First of all, agree to have the current owner place the property in a
title-holding trust in his/her own names for a few years. The trust will
continue then until you can either -- 1) sell the property and pay off
the loan, or until 2) you can refinance it in your own name and hang onto
the property.
This way, the seller needn't "trust you," or take chances on
passing title to you. Neither do they have to take any chances with your
personal problems that could result in getting liens, suits, judgements,
BKS (or your OWN martial dispute actions) against the property. Essentially
the seller gives you, say, a 90%:10% ownership (beneficiary interest in
the trust), and agree that when you dispose of the property in 2-3 years,
that they will relinquish their ten percent at that time. This agreement
to forfeit is made as consideration for your prompt payment record and
strict adherence to all contract provisions throughout the term of the
agreement. The 10% interest helps in protecting against a due-on-sale
violation (the DOS may not be a big deal to most Investors; but it makes
a seller much more comfortable. And so long as some beneficiary interest
in held, and no more than 50% of the voting rights within the trust are
relinquished, neither will there be property tax increases, or compromises
of federal or state income tax regulations.
The Beneficiary Agreement between you and the seller specifies that upon
your disposition or refinance of the property, the seller will be paid
all of their beginning equity. This way the seller saves a bundle in RE
commission, sells the house for full price, and they earn a lot more than
they ever could otherwise
"North American Realty Services PACTrust™ Sandwiching"
Now... after you've gotten
the seller's agreement to proceed, if you'd like to have someone else
cover all the costs and expenses, consider this:
Get an agreement to be able
to assign a portion of your beneficiary interest to another, then run
an ad in the newspaper that says something like:
"WHY
RENT?"
NO DOWN, NO BANK QUALIFYING. AS LITTLE AS 2-3 PMTS AND CLOS.
COSTS CAN MOVE YOU IN. CALL ABOUT INCRED. TRUST PROPERTY OPPOR."
Then when the prospects call
(and they will... in large numbers), you say this (exactly this):
"Yes, I have this
house that is currently in a land trust: and what I'm looking for is
someone who can afford the payments and the closing costs, to basically
just 'give it to. [Pause] The only thing I want out of it personally,
is your agreement to either sell it, or refinance in your own name in
a couple years. And, of course, if there's been any appreciation over
that period of time, I'd like to just split it with you."
Now... think about it... if
you've done all of this
haven't you, in effect purchased a property
with NO (or minimal) Down, NO lender qualifying; and NO payments, NO maintenance,
NO repair, NO upkeep and NO landlording headaches, NO constructive notice
of the transfer, and NO Due on Sale violation?
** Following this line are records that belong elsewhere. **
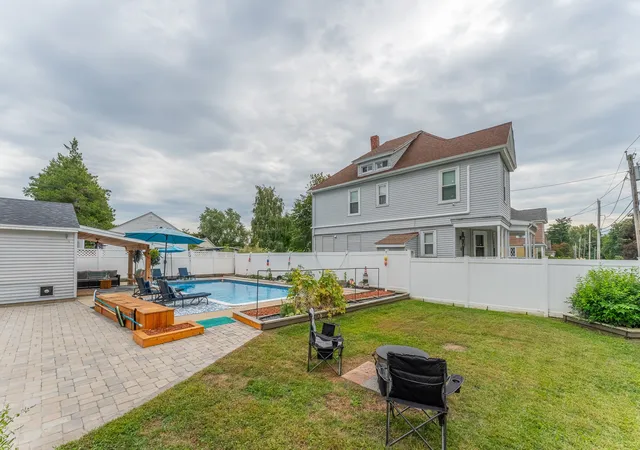 Listing Photo 4 - Condo for sale in building located at 234 Pelham St, Methuen, MA 01844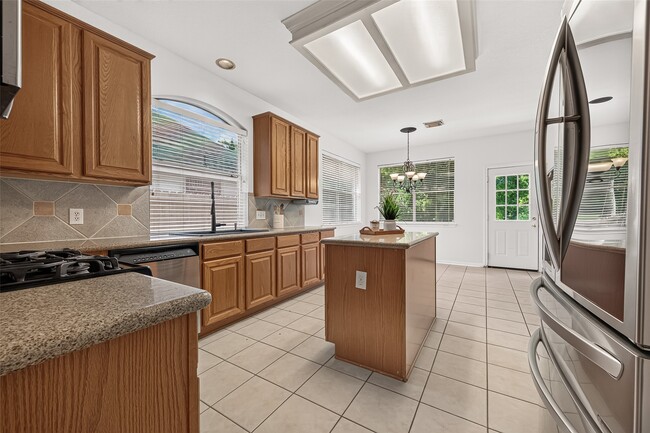 Building Photo - 2710 Five Oaks Dr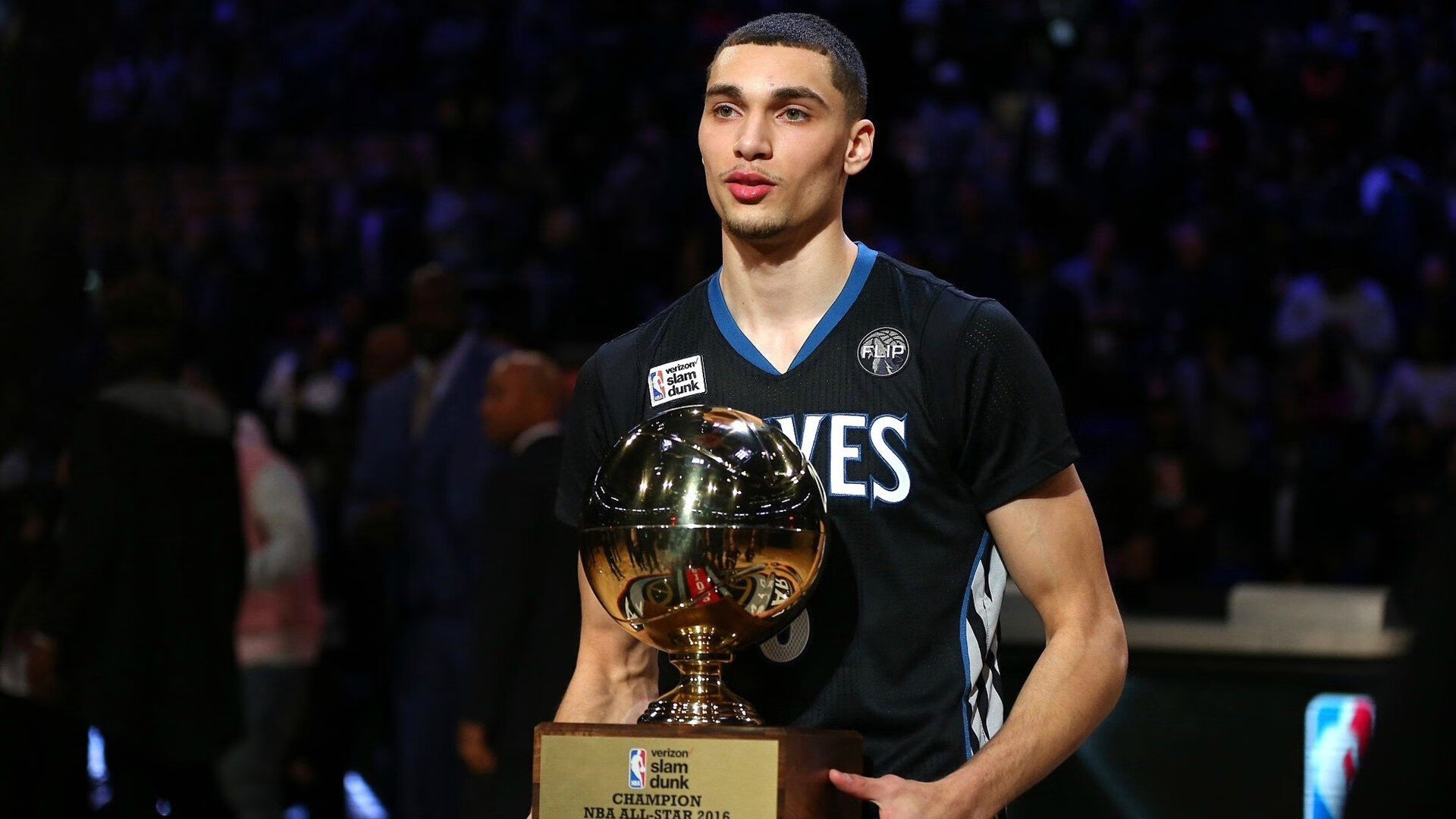 文班亚马狂飙难救主，奇才多点开花击溃马刺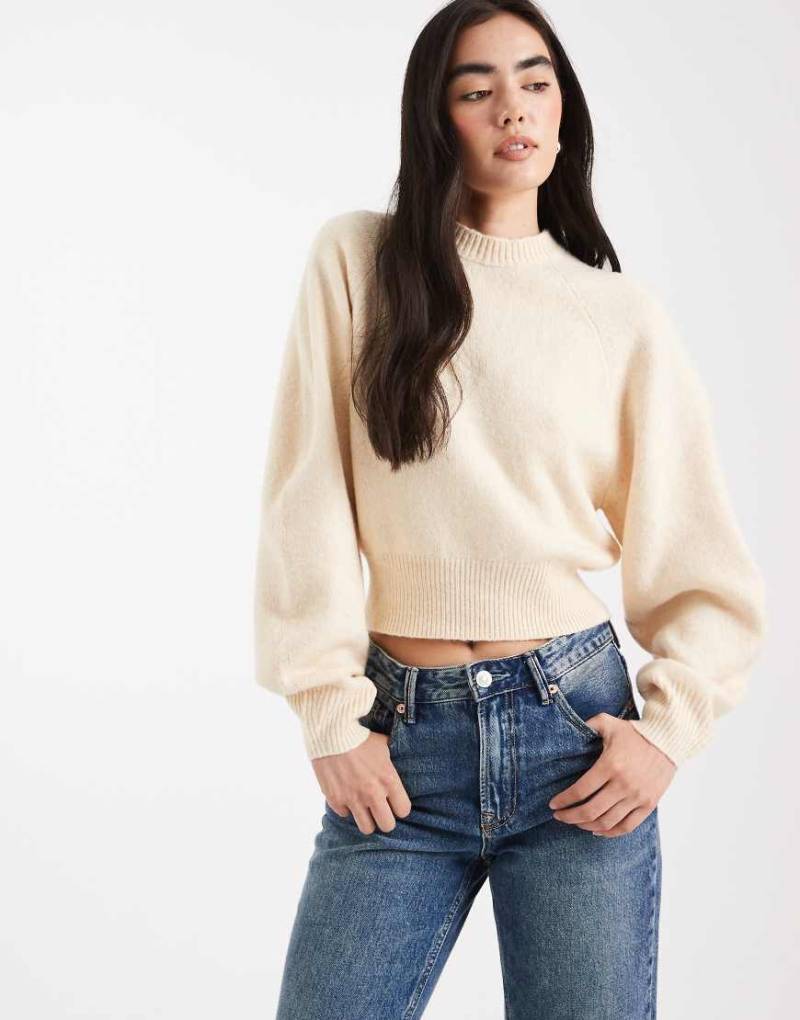 ASOS DESIGN - Pullover in Buttermilchgelb mit Raglanärmeln und Rundhalsausschnitt von ASOS DESIGN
In fact, haven't you just
acquired clear, unobstructed profit potential while someone else pays
all the bills?
Note especially in this scenario, that whatever you may give up in "Future
Appreciation" to a Resident Co-Beneficiary over the next couple years,
will more than likely be more than made-up-for by your having avoided
all Negative Cash-Flow, Maintenance Costs, Management Expense, Vacancies,
and those myriad other landlord annoyances. And perhaps even more importantly
(to some of us), there are no restrictions in how many properties we can
own or manage this way. Do you supposed if you owned a hundred income
properties this way--with no expenses, management costs or mortgages in
your name (or negative cash flows)--that you'd have any trouble getting
a loan?
I personally have acquired dozens of properties this way (including my
own residence), and have yet to have paid on closing costs or monthly
expenses. This doesn't, of course, include the payments on my own home:
a $375K house in a nice gated and guarded community, that I acquired recently
with No Down, No Bank Loan, and closing costs of less than $2,000, with
$75,000 equity...and which now is on the market for $530,000..
In any of my own "income properties," should the resident co-beneficiary
default, I need simply remove them (very easy under a co-tenant land trust
arrangement), and replace them with somebody else, charging anther few
thousand dollars in the process. We have some clients who've had as many
as three defaults in the same trust property, and they've each made 5-10K
additional bucks, each time they do a "Beneficiary Substitution."
Good Luck.
BOGUS
LEASE OPTIONS
A Purchase by Any Name
By Stephen Stralka
A home buyer with insufficient
funds for a ten percent down payment responds to a broker's ad under "Home
for Sale"; the ad indicates that the credit worthy can move into
a pricey single family residence with a small down payment.
The buyer inspects the property, and decides that he would like to buy
it. The seller is asking for five-percent down, and is willing to carry
the balance.
The five-percent down payment
is called "option money," and is to be applied to the purchase
price should the option be exercised. Correspondingly, the monthly payment
is called "rent," and a portion of the rent is to apply to the
purchase price - upon exercise of the option.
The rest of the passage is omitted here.